TASK DIRECTIONS = Restate each line below word for word, skipping every picture.

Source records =

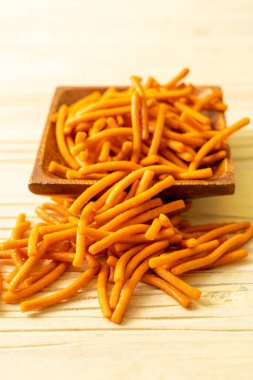 sarımsak bisküvi ekmek çubuğu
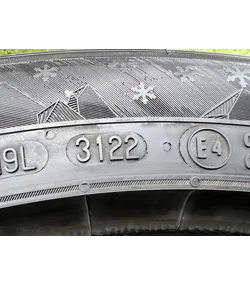 225/50 R17 Semperit Speed Grip 3 téli gumi 8mm 6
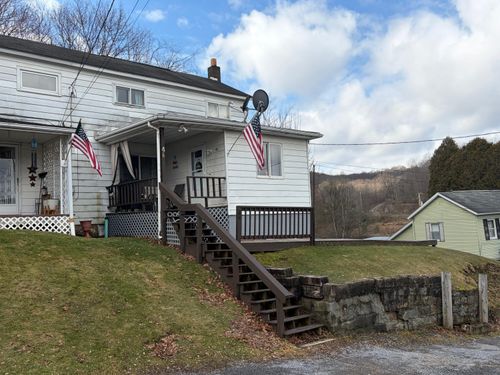 46 Lower Clinton St, Rossiter, PA, 15772-2501 | Card Image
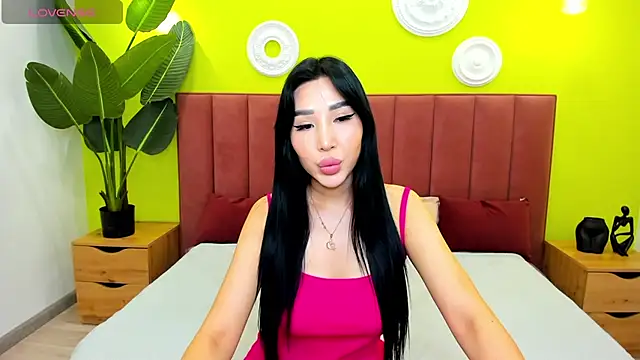 Jennifer Munoz online show from 10-05-25, 01:26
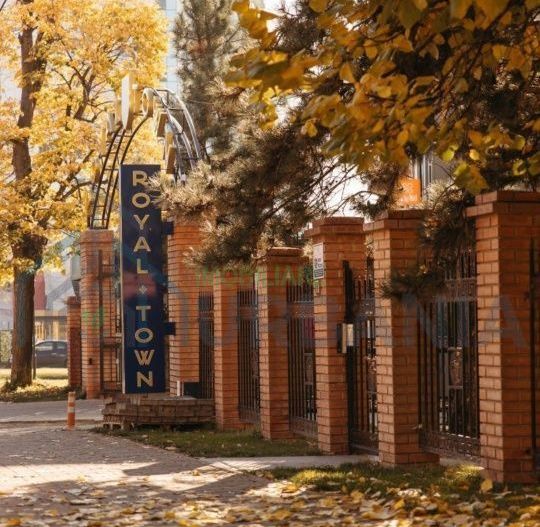 Apartament 2 camere de inchiriat, Copou, zona Royal, etaj 4, orientare sud, mobilat si utilat - Poză 1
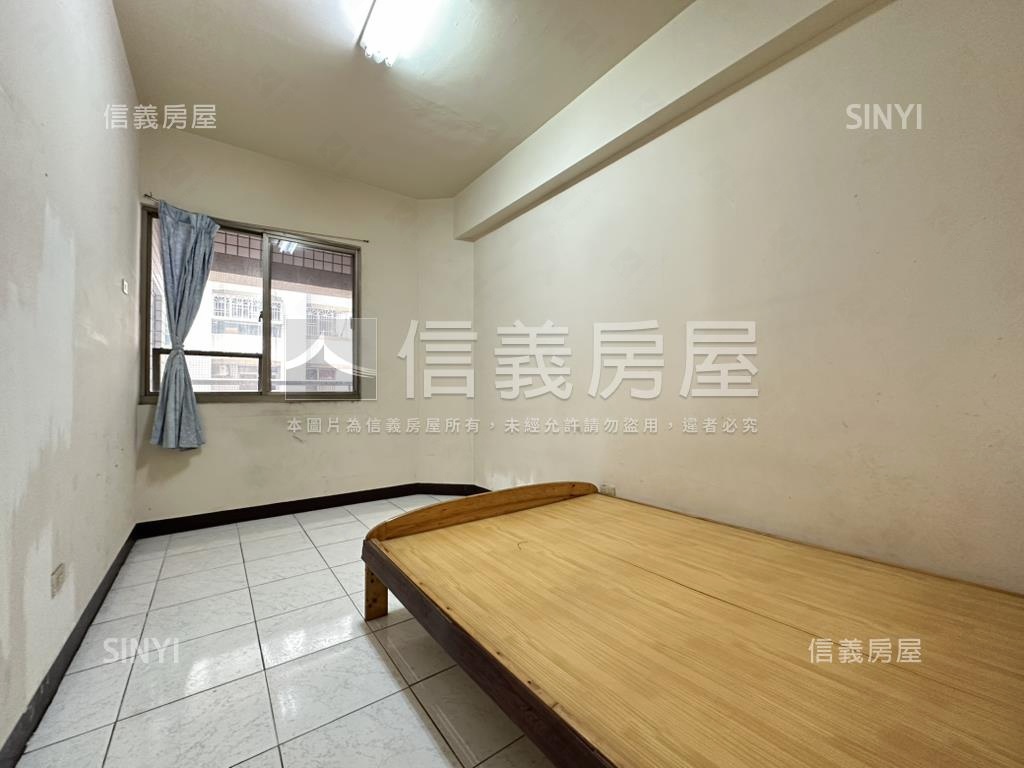 義享百貨邊間採光四房房屋室內格局與周邊環境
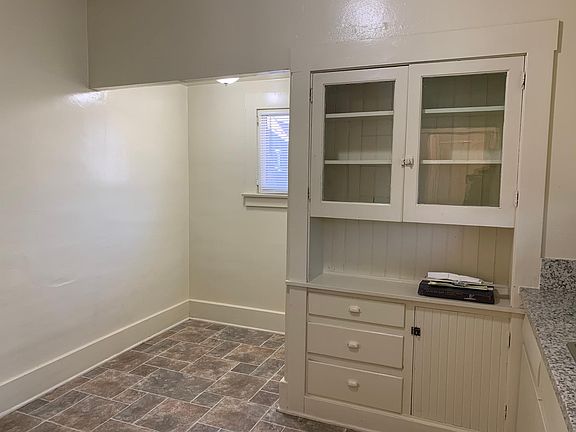 4th image of 910 N Park Ave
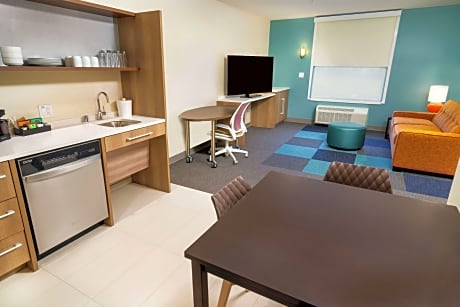 1King Hearing Accessible Suite Nonsmoking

EXPECTED ANSWER =
 sarımsak bisküvi ekmek çubuğu
 225/50 R17 Semperit Speed Grip 3 téli gumi 8mm 6
 46 Lower Clinton St, Rossiter, PA, 15772-2501 | Card Image
 Jennifer Munoz online show from 10-05-25, 01:26
 Apartament 2 camere de inchiriat, Copou, zona Royal, etaj 4, orientare sud, mobilat si utilat - Poză 1
 義享百貨邊間採光四房房屋室內格局與周邊環境
 4th image of 910 N Park Ave
 1King Hearing Accessible Suite Nonsmoking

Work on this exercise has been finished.